(Brief descriptive captions)
####
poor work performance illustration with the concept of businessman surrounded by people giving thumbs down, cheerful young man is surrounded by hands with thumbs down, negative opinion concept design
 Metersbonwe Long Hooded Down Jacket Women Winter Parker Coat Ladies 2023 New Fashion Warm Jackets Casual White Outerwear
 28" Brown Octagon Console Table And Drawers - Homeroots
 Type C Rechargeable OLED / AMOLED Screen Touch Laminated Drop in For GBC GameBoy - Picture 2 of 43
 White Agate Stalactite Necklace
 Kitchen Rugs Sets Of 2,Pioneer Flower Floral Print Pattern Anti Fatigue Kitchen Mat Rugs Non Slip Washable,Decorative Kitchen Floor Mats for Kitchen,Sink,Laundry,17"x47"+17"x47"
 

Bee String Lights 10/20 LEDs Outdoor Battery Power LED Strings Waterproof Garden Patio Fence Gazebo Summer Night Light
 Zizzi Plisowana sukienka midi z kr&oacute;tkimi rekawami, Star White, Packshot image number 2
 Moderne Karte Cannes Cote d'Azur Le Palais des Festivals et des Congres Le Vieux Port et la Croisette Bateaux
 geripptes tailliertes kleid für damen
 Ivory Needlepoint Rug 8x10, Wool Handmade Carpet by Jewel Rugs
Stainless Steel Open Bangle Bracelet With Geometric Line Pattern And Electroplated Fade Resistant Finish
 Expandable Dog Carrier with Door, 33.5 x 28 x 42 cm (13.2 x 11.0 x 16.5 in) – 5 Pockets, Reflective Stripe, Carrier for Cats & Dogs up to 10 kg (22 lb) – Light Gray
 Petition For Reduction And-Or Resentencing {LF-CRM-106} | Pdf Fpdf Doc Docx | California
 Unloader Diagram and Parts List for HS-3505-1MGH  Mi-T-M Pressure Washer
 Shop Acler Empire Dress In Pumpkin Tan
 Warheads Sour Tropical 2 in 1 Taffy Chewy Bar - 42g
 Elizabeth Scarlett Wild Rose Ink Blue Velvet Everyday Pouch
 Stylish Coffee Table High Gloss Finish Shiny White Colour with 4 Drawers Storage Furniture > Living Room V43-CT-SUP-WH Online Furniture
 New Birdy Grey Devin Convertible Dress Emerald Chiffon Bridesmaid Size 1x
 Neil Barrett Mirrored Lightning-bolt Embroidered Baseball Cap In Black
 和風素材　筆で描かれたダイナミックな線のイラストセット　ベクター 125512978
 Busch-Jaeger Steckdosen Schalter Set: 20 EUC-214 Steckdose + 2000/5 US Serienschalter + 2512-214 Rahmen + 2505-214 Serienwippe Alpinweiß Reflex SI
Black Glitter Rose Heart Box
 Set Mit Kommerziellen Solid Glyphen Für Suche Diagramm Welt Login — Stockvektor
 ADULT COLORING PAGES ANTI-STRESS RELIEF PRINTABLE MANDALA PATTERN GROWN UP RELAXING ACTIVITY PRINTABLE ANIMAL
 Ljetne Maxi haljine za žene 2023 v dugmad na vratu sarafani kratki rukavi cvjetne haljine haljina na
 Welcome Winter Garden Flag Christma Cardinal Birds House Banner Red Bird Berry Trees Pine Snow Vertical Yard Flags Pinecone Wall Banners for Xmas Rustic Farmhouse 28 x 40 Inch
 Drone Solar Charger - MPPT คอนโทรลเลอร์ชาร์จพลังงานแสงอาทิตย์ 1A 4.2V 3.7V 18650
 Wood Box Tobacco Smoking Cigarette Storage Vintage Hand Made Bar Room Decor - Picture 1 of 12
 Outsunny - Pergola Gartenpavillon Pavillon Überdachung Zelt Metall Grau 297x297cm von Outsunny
####
## What you will do
Repeat exactly the lines above from the one with "Expandable Dog Carrier" up to and including the one with "Ljetne Maxi haljine". No other line belongs in the reply.

## Answer space
 Expandable Dog Carrier with Door, 33.5 x 28 x 42 cm (13.2 x 11.0 x 16.5 in) – 5 Pockets, Reflective Stripe, Carrier for Cats & Dogs up to 10 kg (22 lb) – Light Gray
 Petition For Reduction And-Or Resentencing {LF-CRM-106} | Pdf Fpdf Doc Docx | California
 Unloader Diagram and Parts List for HS-3505-1MGH  Mi-T-M Pressure Washer
 Shop Acler Empire Dress In Pumpkin Tan
 Warheads Sour Tropical 2 in 1 Taffy Chewy Bar - 42g
 Elizabeth Scarlett Wild Rose Ink Blue Velvet Everyday Pouch
 Stylish Coffee Table High Gloss Finish Shiny White Colour with 4 Drawers Storage Furniture > Living Room V43-CT-SUP-WH Online Furniture
 New Birdy Grey Devin Convertible Dress Emerald Chiffon Bridesmaid Size 1x
 Neil Barrett Mirrored Lightning-bolt Embroidered Baseball Cap In Black
 和風素材　筆で描かれたダイナミックな線のイラストセット　ベクター 125512978
 Busch-Jaeger Steckdosen Schalter Set: 20 EUC-214 Steckdose + 2000/5 US Serienschalter + 2512-214 Rahmen + 2505-214 Serienwippe Alpinweiß Reflex SI
Black Glitter Rose Heart Box
 Set Mit Kommerziellen Solid Glyphen Für Suche Diagramm Welt Login — Stockvektor
 ADULT COLORING PAGES ANTI-STRESS RELIEF PRINTABLE MANDALA PATTERN GROWN UP RELAXING ACTIVITY PRINTABLE ANIMAL
 Ljetne Maxi haljine za žene 2023 v dugmad na vratu sarafani kratki rukavi cvjetne haljine haljina na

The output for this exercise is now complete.